History records June 19, 1865, as the day the Union Army arrived in Galveston, Texas, to enforce the 1863 Emancipation Proclamation, and inform people in that remote part of the former Confederacy, “All slaves are free.”

And history records Aug. 18, 2020, as the day the Columbia City Council became the first in South Carolina to give city employees a paid day off to celebrate the liberation of Black Americans on Juneteenth — a poetic portmanteau of June and nineteenth. History also records June 17, 2021, as the day Juneteenth became a holiday for federal workers and Oct. 4, 2022, as the day Richland County Council added Juneteeth as a county holiday.

But history does not record when South Carolina, where more than one in four people are Black or African American, recognized Juneteenth as a holiday for state workers. Because it hasn’t happened. Yet.

South Carolina is the first state to secede from the Union, the state where the Civil War began and home to more than 2,000 plantations and many beautiful Juneteenth celebrations at this time of year. But its lawmakers have so far chosen not to commemorate a day as most other states have.
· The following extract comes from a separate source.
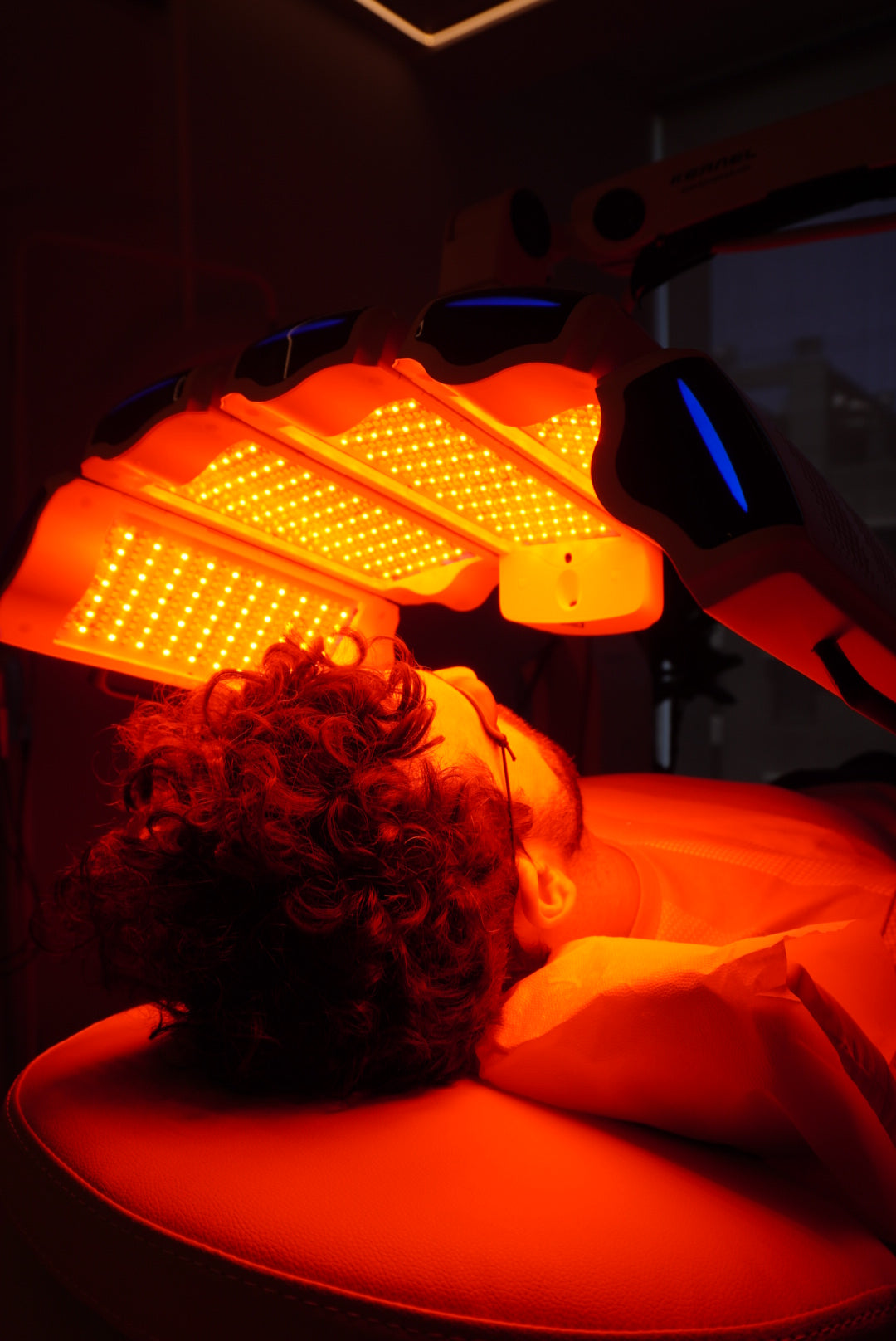 Rejuvenecimiento Periocular con Láser CO2 Tetra Pro de Deka (Italia)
State Sen. Darrell Jackson, D-Columbia, has introduced several bills to make Juneteenth a state holiday since 2019. He says it’s the right thing and that it would keep state employment competitive with county and Columbia government jobs.

“I am looking forward to strongly pushing it next year,” he told me this week. “It probably should be the most celebrated day in the African American community.

“To me, it represents the best of this country.... It is not something that is antagonistic, although it is challenging. I’m not going to sugarcoat it, OK? But let’s look at Juneteenth as the best of America. It is America correcting itself.”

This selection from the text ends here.